現在放映中のNHK朝ドラ「カーネーション」は、近年稀にみる非常によくできたドラマだと思います。残念ながら今月で終わってしまいます。主役の尾野真千子の演

技も素晴らしいですが、脚本もいいですね。
「品格と誇り」は、先週主役の糸子が語った言葉です。娘が独立した糸子は、岸和田から東京に出て、新しくつくる既製服会社の経営パートナーとなることを誘われ迷っていました。何となく、乗り気がしないのは、現在の洋服業界はモードという名の流行に流され、どんどん新しいファッションを生み出し続ける拡大競争になっているからです。そのメッカである東京で、モード競争に挑むことを期待されているのです。迷いは、そんな目まぐるしいファッション界の動きが好きになれないことと、とはいえこれまで自分が長年やってきた注文服は斜陽化するのでは、との不安からきています。
そこで、集まってきたお隣さんらに吐露します。
「私の洋裁の先生は、洋裁はこれからの女性に品格と誇りを与える仕事だと言った。だからこれまで必死にやってきたんだ。でも、もう・・・。」(せりふは岸和田弁です)

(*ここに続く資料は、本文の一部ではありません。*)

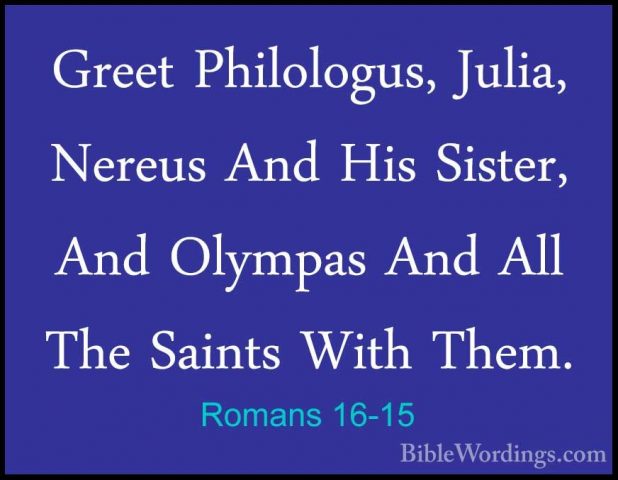 Romans 16-15 - Greet Philologus, Julia, Nereus And His Sister, AnGreet Philologus, Julia, Nereus And His Sister, And Olympas And All The Saints With Them.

それを聞いたお隣の美容師さんは、「そうそう、よくわかる」と言ったものの、その直後に怒りだします。「そんな、情けないことを言うな!」そう言って飛び出してしまう。しかし、しばらくすると風呂敷包みを抱えてもどってきて言います。「これは私の宝物だ」
そこには、終戦直後家族を失って満身創痍の彼女を励ますために、糸子がデザインした美容師の制服が畳まれています。そして、その上には美容室開店のときに撮った記念写真が置かれている。「私はこれがあったから、死なないで生きてこられた」
つまり、糸子の作った服によって品格と誇りを与えられた、その価値は失われないし、これからももっともっと多くの人々に品格と誇りを与え続けるべきだ、そんな大きな儲けとか名声とかに目移りするな、と暗黙に語っているのでした。そして、糸子は東京行きを止め、岸和田で洋裁屋を続けることを決めます。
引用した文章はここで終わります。